The scandal of evasion and cover-up over sex abuse by clerics goes far beyond the archdiocese of Dublin and the Irish Church. The full story may never come out, here or elsewhere.

What happened yesterday merely ensures that another part of the sordid story in Ireland cannot remain shrouded in official secrecy. Yesterday’s decision by the cardinal to give up his efforts to block the release by his successor of all files to a commission of investigation was a victory for common sense.

It was much more than that. It was a recognition by the cardinal, for whatever reason and however late, that far more was at stake than a commitment, no doubt given in good faith, to certain individuals that their stories would remain confidential.

Law does recognise that certain communications between individuals can be shielded from public disclosure by a confidentiality pact. But no such pact can ever be absolute, not when it is entered into by someone who is acting of behalf of a unique institution.

The institution known as the Catholic Church operates on the basis of Gospel values, which place a very high premium on respect for the dignity and integrity of the individual human person.

When these have been violated, as they were in a very brutal, cynical and sustained way over many years in Ireland by clerical officers of this Church, then its institutional leaders have to consider what is their true responsibility.

Is it to shield the institution at all costs? Is it to allow a personal commitment to a number of individuals to override the urgent need for institutional contrition and redress? No one who knows Cardinal Connell would doubt that he believed his determination to protect the confidentiality of certain files was sincere. On the other hand, promises had been made that the Church would co-operate unconditionally with any investigation in the shocking history of sex abuse by clerics.

It was imperative that this should happen, not only because of the hurt and the psychic devastation resulting from it, but also because the credibility of an institution was at stake.

These considerations alone should have caused Cardinal Connell to think twice before challenging the proper decision by his successor, Archbishop Diarmuid Martin, to release all files to the committee.

The cardinal was claiming legal privilege over 5,586 documents out of 66,583 handed over by Archbishop Martin to the investigating committee. Apart from the question of whether these were diocesan documents, rather than the personal property of the cardinal, there was a much bigger question to be addressed.

How is justice best served within an institution where blatant injustice has for too long been smugly lived with and covered up? In defence of the cardinal, it could be said that he was merely the product of an ecclesiastical culture (founded in part on arrogance) which — emanating from Rome — regarded the right of the Church to run its own affairs as it saw fit as beyond reproach.

Make no mistake — this culture of arrogance and unaccountability persists today and will persist tomorrow, despite the change of heart by Cardinal Connell. Nor is the ecclesiastical establishment in Ireland alone to blame for this.

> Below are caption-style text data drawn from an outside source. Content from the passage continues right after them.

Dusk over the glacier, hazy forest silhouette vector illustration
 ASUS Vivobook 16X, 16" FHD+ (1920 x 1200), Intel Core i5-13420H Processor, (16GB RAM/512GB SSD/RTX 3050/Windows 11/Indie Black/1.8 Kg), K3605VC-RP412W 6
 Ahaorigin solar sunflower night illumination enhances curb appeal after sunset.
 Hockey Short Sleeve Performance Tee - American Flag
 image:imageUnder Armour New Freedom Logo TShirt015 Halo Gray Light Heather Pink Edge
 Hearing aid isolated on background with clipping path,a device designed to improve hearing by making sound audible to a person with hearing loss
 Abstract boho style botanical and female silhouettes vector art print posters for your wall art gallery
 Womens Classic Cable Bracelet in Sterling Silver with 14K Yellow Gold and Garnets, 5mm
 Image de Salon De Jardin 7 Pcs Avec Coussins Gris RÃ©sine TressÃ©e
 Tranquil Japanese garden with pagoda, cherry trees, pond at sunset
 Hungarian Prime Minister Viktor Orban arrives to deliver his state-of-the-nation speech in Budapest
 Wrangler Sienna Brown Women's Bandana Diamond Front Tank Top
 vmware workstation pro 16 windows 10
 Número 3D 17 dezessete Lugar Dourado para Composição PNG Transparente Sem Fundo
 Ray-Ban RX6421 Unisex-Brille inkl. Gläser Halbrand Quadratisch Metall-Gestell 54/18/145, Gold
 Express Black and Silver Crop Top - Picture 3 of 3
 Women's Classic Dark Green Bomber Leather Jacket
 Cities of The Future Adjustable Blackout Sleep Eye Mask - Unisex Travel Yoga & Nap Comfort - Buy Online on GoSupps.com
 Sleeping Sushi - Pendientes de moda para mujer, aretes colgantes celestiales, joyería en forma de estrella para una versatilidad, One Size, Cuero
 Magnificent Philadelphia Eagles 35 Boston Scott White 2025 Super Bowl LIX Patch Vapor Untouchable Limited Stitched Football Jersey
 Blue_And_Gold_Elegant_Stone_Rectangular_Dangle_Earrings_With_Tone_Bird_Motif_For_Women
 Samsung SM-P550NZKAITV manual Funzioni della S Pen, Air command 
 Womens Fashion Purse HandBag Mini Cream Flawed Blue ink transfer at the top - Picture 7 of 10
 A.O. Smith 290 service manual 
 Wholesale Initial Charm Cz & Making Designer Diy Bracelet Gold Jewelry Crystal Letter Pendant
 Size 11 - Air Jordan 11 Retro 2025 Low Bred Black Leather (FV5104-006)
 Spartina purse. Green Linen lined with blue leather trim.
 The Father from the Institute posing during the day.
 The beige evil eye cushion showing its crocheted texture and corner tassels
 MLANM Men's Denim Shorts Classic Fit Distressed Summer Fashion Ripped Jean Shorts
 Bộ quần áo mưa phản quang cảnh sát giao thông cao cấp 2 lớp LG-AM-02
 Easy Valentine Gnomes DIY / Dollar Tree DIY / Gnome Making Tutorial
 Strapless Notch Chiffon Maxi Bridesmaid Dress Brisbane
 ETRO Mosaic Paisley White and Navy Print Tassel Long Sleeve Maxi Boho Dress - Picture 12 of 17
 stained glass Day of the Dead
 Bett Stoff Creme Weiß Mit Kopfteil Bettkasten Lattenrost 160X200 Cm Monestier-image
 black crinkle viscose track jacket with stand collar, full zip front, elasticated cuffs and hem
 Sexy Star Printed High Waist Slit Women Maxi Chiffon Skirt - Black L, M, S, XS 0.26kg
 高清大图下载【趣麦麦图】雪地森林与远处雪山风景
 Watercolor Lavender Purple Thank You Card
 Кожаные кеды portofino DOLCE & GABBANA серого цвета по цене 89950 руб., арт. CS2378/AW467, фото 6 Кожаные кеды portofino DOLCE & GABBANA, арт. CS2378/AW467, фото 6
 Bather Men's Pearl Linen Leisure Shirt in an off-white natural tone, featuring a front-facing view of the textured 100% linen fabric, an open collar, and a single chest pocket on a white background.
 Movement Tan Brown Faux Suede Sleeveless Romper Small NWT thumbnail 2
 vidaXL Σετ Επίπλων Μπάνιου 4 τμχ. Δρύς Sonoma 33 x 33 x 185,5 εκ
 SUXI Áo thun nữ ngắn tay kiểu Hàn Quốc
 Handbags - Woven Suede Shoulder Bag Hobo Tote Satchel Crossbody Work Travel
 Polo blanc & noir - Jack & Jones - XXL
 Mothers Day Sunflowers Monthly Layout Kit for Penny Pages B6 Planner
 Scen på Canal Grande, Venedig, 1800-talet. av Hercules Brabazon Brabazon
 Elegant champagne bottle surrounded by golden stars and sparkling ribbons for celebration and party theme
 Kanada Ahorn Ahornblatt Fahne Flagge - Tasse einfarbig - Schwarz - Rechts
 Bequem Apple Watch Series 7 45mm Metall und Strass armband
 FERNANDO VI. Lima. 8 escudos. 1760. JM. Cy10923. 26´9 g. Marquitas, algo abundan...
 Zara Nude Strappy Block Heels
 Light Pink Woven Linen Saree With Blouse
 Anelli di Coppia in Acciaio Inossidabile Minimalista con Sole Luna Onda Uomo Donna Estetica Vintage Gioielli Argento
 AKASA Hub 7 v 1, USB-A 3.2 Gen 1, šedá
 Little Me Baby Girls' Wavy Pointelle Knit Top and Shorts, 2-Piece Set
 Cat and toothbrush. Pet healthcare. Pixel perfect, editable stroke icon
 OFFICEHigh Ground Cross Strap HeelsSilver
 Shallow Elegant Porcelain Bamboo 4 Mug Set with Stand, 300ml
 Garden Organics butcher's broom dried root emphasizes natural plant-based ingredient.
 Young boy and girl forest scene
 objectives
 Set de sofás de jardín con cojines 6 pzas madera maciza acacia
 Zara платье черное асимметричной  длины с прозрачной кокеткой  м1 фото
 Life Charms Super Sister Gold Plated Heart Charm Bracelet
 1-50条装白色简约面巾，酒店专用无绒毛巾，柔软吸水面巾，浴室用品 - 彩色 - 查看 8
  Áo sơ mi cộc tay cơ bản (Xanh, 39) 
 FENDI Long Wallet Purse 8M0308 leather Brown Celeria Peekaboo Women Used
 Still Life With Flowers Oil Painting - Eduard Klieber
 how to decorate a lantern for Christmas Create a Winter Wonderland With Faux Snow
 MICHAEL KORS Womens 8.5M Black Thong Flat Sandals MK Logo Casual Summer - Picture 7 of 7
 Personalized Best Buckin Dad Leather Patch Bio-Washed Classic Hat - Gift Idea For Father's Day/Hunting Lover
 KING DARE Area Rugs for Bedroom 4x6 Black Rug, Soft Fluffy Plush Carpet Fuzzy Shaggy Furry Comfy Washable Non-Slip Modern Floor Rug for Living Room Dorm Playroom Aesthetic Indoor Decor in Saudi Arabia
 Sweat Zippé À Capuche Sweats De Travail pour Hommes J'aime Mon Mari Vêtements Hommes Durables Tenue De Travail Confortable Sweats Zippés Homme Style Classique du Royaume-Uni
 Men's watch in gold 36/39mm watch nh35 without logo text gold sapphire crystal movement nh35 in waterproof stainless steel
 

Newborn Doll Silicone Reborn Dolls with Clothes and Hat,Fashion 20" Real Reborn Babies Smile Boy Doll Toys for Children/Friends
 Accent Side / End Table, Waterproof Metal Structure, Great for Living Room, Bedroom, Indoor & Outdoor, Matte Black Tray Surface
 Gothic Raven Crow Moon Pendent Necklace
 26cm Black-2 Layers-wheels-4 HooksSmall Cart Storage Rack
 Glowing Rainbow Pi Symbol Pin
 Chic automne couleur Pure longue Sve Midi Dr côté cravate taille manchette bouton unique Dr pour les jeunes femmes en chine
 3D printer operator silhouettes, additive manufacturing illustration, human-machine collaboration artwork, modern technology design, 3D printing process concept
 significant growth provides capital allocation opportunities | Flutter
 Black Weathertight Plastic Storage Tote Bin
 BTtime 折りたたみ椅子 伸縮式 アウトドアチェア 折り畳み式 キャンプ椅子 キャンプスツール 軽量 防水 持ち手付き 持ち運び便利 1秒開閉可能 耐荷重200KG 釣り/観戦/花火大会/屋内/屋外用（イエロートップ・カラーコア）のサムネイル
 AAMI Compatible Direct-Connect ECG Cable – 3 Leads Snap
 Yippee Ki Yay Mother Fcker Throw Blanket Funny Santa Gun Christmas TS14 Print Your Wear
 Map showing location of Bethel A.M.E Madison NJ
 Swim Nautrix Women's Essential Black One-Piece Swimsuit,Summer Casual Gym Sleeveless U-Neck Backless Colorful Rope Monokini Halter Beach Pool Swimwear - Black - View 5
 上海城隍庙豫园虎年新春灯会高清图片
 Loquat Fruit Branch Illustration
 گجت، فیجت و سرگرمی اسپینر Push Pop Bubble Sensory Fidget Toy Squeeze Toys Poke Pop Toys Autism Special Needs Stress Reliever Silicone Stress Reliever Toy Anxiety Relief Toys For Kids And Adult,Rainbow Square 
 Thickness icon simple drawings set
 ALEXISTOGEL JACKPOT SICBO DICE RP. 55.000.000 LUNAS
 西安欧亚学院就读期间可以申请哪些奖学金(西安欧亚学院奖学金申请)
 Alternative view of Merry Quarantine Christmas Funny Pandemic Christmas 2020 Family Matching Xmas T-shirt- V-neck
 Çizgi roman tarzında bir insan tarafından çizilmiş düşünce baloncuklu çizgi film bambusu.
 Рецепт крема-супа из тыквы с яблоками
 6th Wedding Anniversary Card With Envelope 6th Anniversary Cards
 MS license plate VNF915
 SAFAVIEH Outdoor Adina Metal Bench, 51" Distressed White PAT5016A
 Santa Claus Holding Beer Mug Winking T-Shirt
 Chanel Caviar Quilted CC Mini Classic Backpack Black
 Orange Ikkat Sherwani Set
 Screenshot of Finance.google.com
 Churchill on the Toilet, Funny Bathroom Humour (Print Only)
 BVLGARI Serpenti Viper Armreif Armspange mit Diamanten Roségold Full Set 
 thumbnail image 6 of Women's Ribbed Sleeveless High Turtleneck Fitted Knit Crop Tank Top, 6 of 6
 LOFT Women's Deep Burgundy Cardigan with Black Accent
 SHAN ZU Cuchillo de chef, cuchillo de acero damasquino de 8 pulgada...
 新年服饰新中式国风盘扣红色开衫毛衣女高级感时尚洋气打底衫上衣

For far too long in this country the supine behaviour of the political establishment has been a significant contributory factor to this culture.

What the Church did was its own business — that was the guiding principle for successive governments in this country. That’s partly the reason why we are now trying to clean up an appalling mess.

It would have been made all the more shameful if the cardinal had persisted with his ill-conceived High Court challenge. Of him it can be said, charitably, that he is a man out of his time. But it would be extremely foolish to pretend that the culture that he represents died, along with his challenge, on the steps of the High Court yesterday.

The late Fr Joe Dunn wrote a book in 1994 critical of the leadership of the Irish Church entitled No Lions in the Hierarchy — no lions today either, as it happens, but Cardinal Desmond Connell was not and is not the only dinosaur.